Bir yandan “Türklüğe dokunulmayacak” deniyor, devletin ayarlarına sahip çıkılıyor. Diğer yandan “Türklüğün dengi olarak Kürtlük” söylemi geliştirilip, alt kimlik paradigmasının bile ötesine geçiliyor. Hal böyle olunca ne İsa’ya ne Musa’ya yaranma riski ortaya çıkıyor. Daha fenası ise bu bocalamada tehlikeli toplumsal olayların yaşanması ihtimali beliriyor.
Mevzuat planında Kürtlerin yeterli kazanımları elde ettiği iddia ediliyor. Bu doğru bile olsa Kürtlerin devlet ve bürokrasi nezdinde, hatta Kürt olmayan halk nezdinde eşdeğer göründüklerini, yeterli tanınma ve saygınlığa ulaştıklarını söylemek zor. Kürtler hala kendilerine tanınmış alanlarda var olabiliyor, Kürt kimlikleriyle çekinmeden zahir olamıyor. Kürtler ya masum zuhurlarına bile elverişli görmedikleri Türk devletini benimseyemez durumda kalıyor ya kendilerini inkara yöneliyor ya da devlete muhalif uçlara savruluyor. Bu sağlıksız reaksiyonların birikmesiyle birlikte Türkiye’nin istikbali ciddi risk altına giriyor.
Şunun anlaşılması lazım: Yeni bir açılım, Kürtler kadar devletin de ihtiyacı. Ortak ihtiyaç. Devlet bu farkındalıkla hareket ettiği için samimi. Zaten samimi olmasa Devlet Bahçeli gibi bir insan Öcalan’ı meclise davet edemezdi. Bu kadar büyük ve riskli bir adım, saf stratejik olarak atılamaz. Kürtler içinde de devlet ideolojisinde samimi bir esneme olursa kaynaşma konusunda samimi ve istekli bir damar var.

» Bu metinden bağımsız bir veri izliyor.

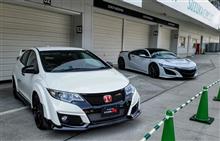 CIVIC TYPE Rは、この角度で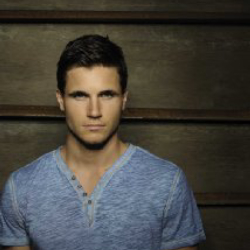 Author Robbie Amell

Peki sorun nereden çıkabilir: Öncelikle Kürtler nezdindeki şu algının kırılması lazım: “Kürtler olarak her ne kazanım elde ettiysek PKK eline silah aldığı için elde ettik”. PKK’ya uzak Kürtler arasında bile bu kanaate sıklıkla rastlanıyor. PKK muhatap alınmadığında, hatta eylem yapmadığında bile varoluşuyla bir aktör olmuş oluyor. Bu algının yıkılması lazım. Bu algının yıkılması için de devletin Kürtlere ihsan edici rolde olmadığı, eşit insanlık zeminine kurulu, yeni bir politik atmosferin oluşturulması lazım. Bu atmosfer oluşmadıkça Kürtlere ne verilirse verilsin tatmin olmayacaklar. Bir kısmı tatmin olsa, uyum sağlasa bile silah bırakmayan, can sıkmaya devam eden bir kitle kalacak. Bu, şiddet ve güvensizlik eksenindeki fasit döngülerin devamı anlamına gelir.
Özetle, devletin ideolojik karakterinde büyük ve samimi bir dönüşümün ayak sesleri duyuluyor. Sürecin doğru algılanması, tüm paydaşlar tarafından iyi niyetle desteklenmesi ve gerçek bir toplumsal kaynaşmaya vücut vermesi ise hem çok zor hem de olağanüstü değerli bir hedef olarak görünüyor.